Mon Nov 28 03:24:12 CET 2005

On 11/22/05, Paul Jimenez <pj at place.org> wrote:
>
> It is my assertion that urlparse is currently broken.  Specifically, I
> think that urlparse breaks an abstraction boundary with ill effect.

IIRC I did it this way because the RFC about parsing urls specifically
prescribed it had to be done this way. Maybe there's a newer RFC with
different rules?

> In writing a mailclient, I wished to allow my users to specify their
> imap server as a url, such as 'imap://user:password@host:port/'. Which
> worked fine. I then thought that the natural extension to support
> configuration of imapssl would be 'imaps://user:password@host:port/'....
> which failed - user:passwrod at host:port got parsed as the *path* of
> the URL instead of the network location. It turns out that urlparse
> keeps a table of url schemes that 'use netloc'... that is to say,
> that have a 'user:password at host:port' part to their URL. I think this
> 'special knowledge' about particular schemes 1) breaks an abstraction
> boundary by having a function whose charter is to pull apart a
> particularly-formatted string behave differently based on the meaning of
> the string instead of the structure of it

I disagree. You have to know what the scheme means before you can
parse the rest -- there is (by design!) no standard parsing for
anything that follows the scheme and the colon. I don't even think
that you can trust that if the colon is followed by two slashes that
what follows is a netloc for all schemes.

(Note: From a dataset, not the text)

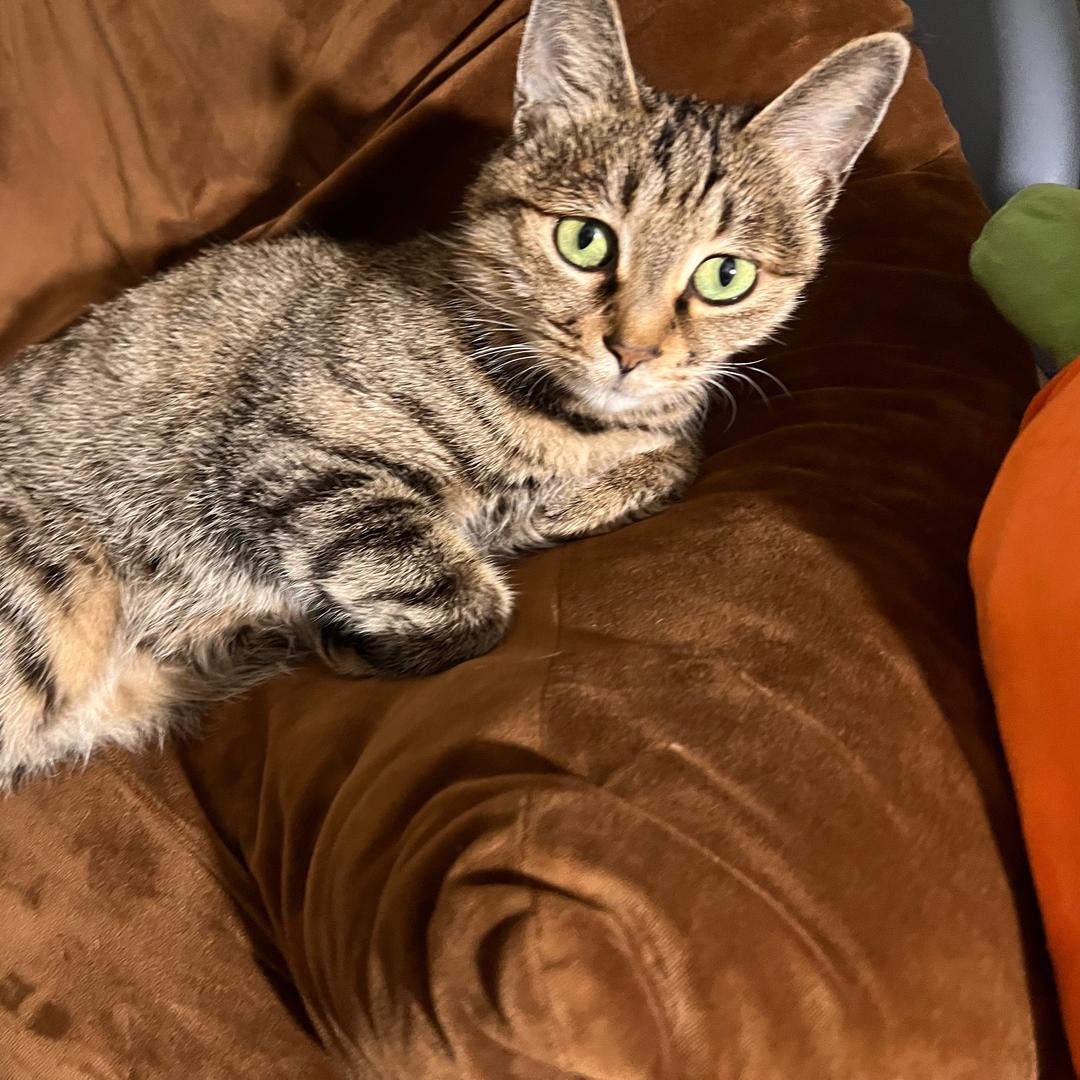 平安丨喜樂（三角洲）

But if there's an RFC that says otherwise I'll gladly concede;
urlparse's main goal in life is to b RFC compliant. Is your opinion
based on an RFC?

> and 2) fails to be extensible
> or forward compatible due to hardcoded 'magic' strings - if schemes were
> somehow 'registerable' as 'netloc using' or not, then this objection
> might be nullified, but the previous objection would still stand.

I think it is reasonable to propose an extension whereby one can
register a parser (or parsing flags like uses_netloc) for a specific
scheme, presuming there won't be conflicting registrations (which
should only happen if two independently developed libraries have a
different use for the same scheme -- a failure of standardization).

> So I propose that urlsplit, the main offender, be replaced with something
> that looks like:
>
> def urlsplit(url, scheme='', allow_fragments=1, default=('','','','','')):

Since you don't present your new code in diff format, could you
explain in English how what it does differs from the original? Or
perhaps you could present some unit tests (doctest would be ideal)
showing the desired behavior of the proposed code (I understand from
later posts that it may have some bugs). (For example, why add the
default parameter?)

> Note that I'm not sold on the _parse_cache, but I'm assuming it was there
> for a reason so I'm leaving that functionality as-is.

There's also a special case for http; given that the code is rather
general and hence slow, it makes sense that it attempts some
optimizations, and removing these might cause a nasty surprise for
some users.

> If this isn't the right forum for this discussion, or the right place to
> submit code, please let me know.

Please do submit patches to SF if you want then to be discussed.

> Also, please cc: me directly on responses
> as I'm not subscribed to the firehose that is python-dev.

ACK.

--
--Guido van Rossum (home page: http://www.python.org/~guido/)